Ebbene: ogni amore, da quelli etero a quelli trans passando per quelli gay, dovrebbero essere rispettati, difesi e onorati come fossero l’ultima goccia d’acqua potabile sull’intero pianeta Terra.
Tuttavia, se “per innamorarsi basta un’ora”, per trovare il coraggio di dichiararsi, non è sempre così semplice. Molti ragazzi – intesi come nucleo, non come genere – per paura dell’essere giudicati malamente non hanno il coraggio di esporsi, costringendosi a “truccarsi” ogni giorno per apparire come gli altri.
Il risultato, però, è una continua e dilaniante frustrazione, che non apporta altro che paure, ansie e pianti di depressione, di disperazione che passerà inosservata, perché di un “diverso”.
Anche questo è un discorso delicato, ma per spiegarlo meglio ci vengono in soccorso alcuni versi di un’intensa canzone di Renato Zero.
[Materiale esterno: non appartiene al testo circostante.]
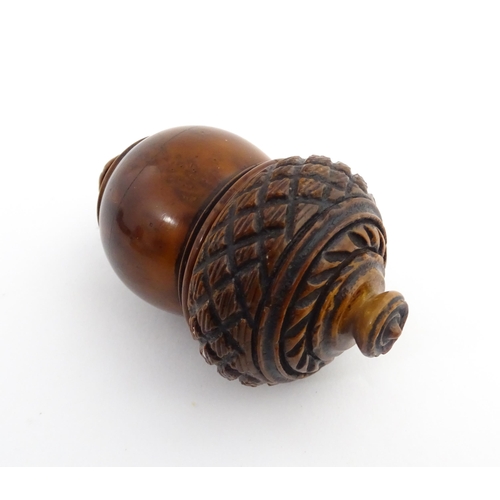 1176 - Treen : A 19thC carved coquilla nut nutmeg grater modelled as an acorn. Approx. 3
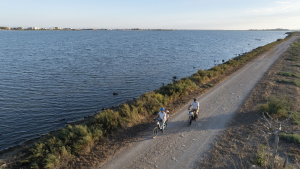Une famille se balade à vélo le long de l'étang de l'Arnel à Palavas-Les-Flots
Ogni giorno racconto la favola mia
La racconto ogni giorno, chiunque tu sia
E mi vesto di sogno per darti se vuoi
L'illusione di un bimbo che gioca agli eroi
Queste luci impazzite si accendono e tu
Cambi faccia ogni sera, ma sei sempre tu
Sei quell'uomo che viene a cercare l'oblio
La poesia che ti vendo, di cui sono il Dio
Dietro questa maschera c'è un uomo e tu lo sai
L'uomo d'una strada che è la stessa che tu fai
E mi trucco perché la vita mia
Non mi riconosca e vada via
Ed ogni volta nascerò
Ed ogni volta morirò
Per questa favola che è mia
Vieni, ti porto nella favola mia
Renato zero, personaggio eclettico, con La Favola Mia, forse, vuole esortarci a credere che dietro un qualsiasi trucco, c’è un uomo pieno di vita: nessuno ha il diritto di giudicare e nessuno ha il dovere di subire offese.
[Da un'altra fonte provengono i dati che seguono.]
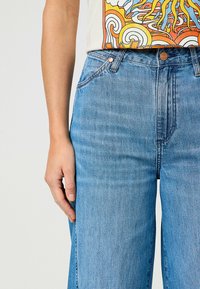 Jeans de tiro alto en azul claro, con pierna recta, que presentan un botón de cobre, costuras visibles y un ligero desgastado en la tela.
Le offese non sono mai costruttive, ma armi demolitrici di un sogno che va oltre una semplice caratteristica sessuale. Quel sogno si chiama Uomo.
Nessun uomo merita di vivere ai margini di una scoraggiante società, che tutela pochi e azzanna il resto dei suoi cuori come Scilla e Cariddi nell’Odissea di Omero.
Mi rendo conto, ovviamente, che non se ne parla mai abbastanza!